L’intérêt soutenu d’un auditoire composé de royalistes d’A.F. aussi notables que M. le Professeur Georges Ferrière, ainsi que de nationalistes des deux rives, tels que M. François-Régis Taveau, ancien conseiller régional et président du Mouvement pour la France, ou Christophe Bugeau, candidat du Rassemblement pour l’indépendance de la France (R.I.F.) contre Juppé pour la députation de Bordeaux-Centre, – les questions qui fusèrent montrent, comme le disait Fustel, que c’est de notre passé mieux connu que naîtra la réconciliation des esprits.

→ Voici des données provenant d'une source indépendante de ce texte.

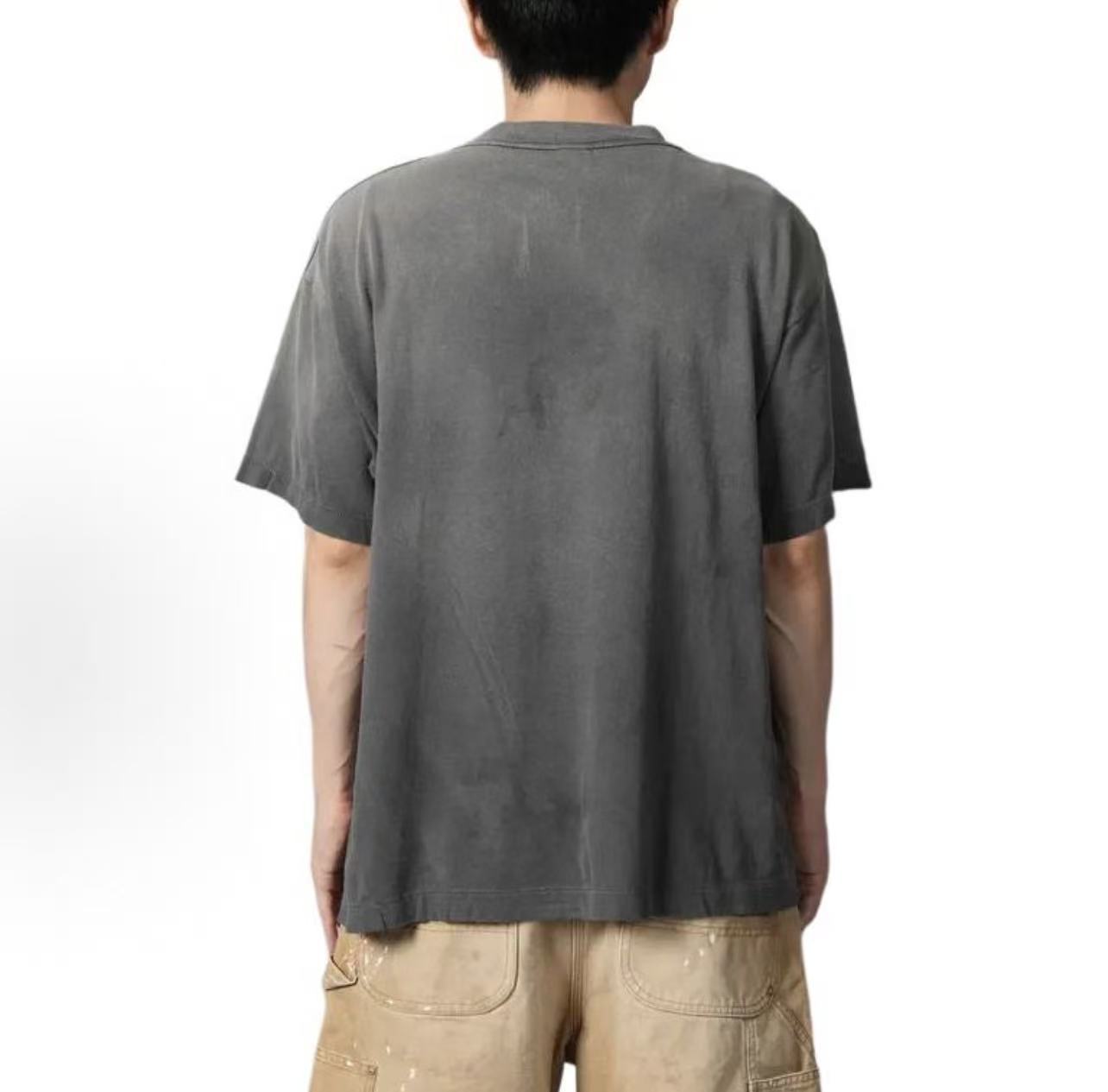 Saint Michael Classical Art Washed Black Tee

Il incombait ensuite à Vincent Gaillère, délégué de l’Action française en Aquitaine, de prononcer, en l’absence de Pierre Pujo, président du Comité directeur, un substantiel discours politique vivement applaudi qui, après avoir rappelé l’actualité des fondements de notre nationalisme, en proposa quelques applications concrètes à la conduite à tenir dans cette année électorale.

 

Le lendemain à Biarritz, le déjeuner dans le salon privé d’un agréable restaurant devait fournir à Ph. Prévost l’occasion de renouveler sa démonstration irréfutable devant Maître Philippe Fortabat-Labatut, délégué de l’Action française dans les Pyrénées-Atlantiques et les Landes, et son exemplaire section « Béarn-Bigorre-pays basque-Landes ». On remarquait notamment, dans l’assistance passionnée, la présence du correspondant en Serbie du Journal, ainsi que celle de jeunes contre-révolutionnaires habitués des permanences mensuelles de la section. La présence, côte à côte, de deux des trois délégués de la région matérialisait l’indéfectible union des nationalistes d’A.F. dans le service de la Cause de Dieu, de la France et du Roi.

 

 

Il ressort de ces deux journées que la priorité à moyen terme de la fédération Aquitaine, compte tenu de la dépolitisation déplorable mais profonde, hors période électorale, du public catholique et national, doit être le travail sérieux de formation à la méthode de l’empirisme organisateur, l’implantation, l’organisation et l’enracinement durables de sections vivantes et unies (c’est-à-dire englobant retraités, actifs et étudiants) dans tout le Grand Sud-Ouest. Ou l’Action française, à Paris comme en province, ne parlera que d’une seule voix, celle du Mouvement, – ou elle se condamnera à l’impuissance. Une suite incohérente d’actions sans lendemain, conçues dans la fièvre et exécutées sans discipline, ne saurait naturellement tenir lieu de politique pour un Mouvement professant une doctrine de salut public.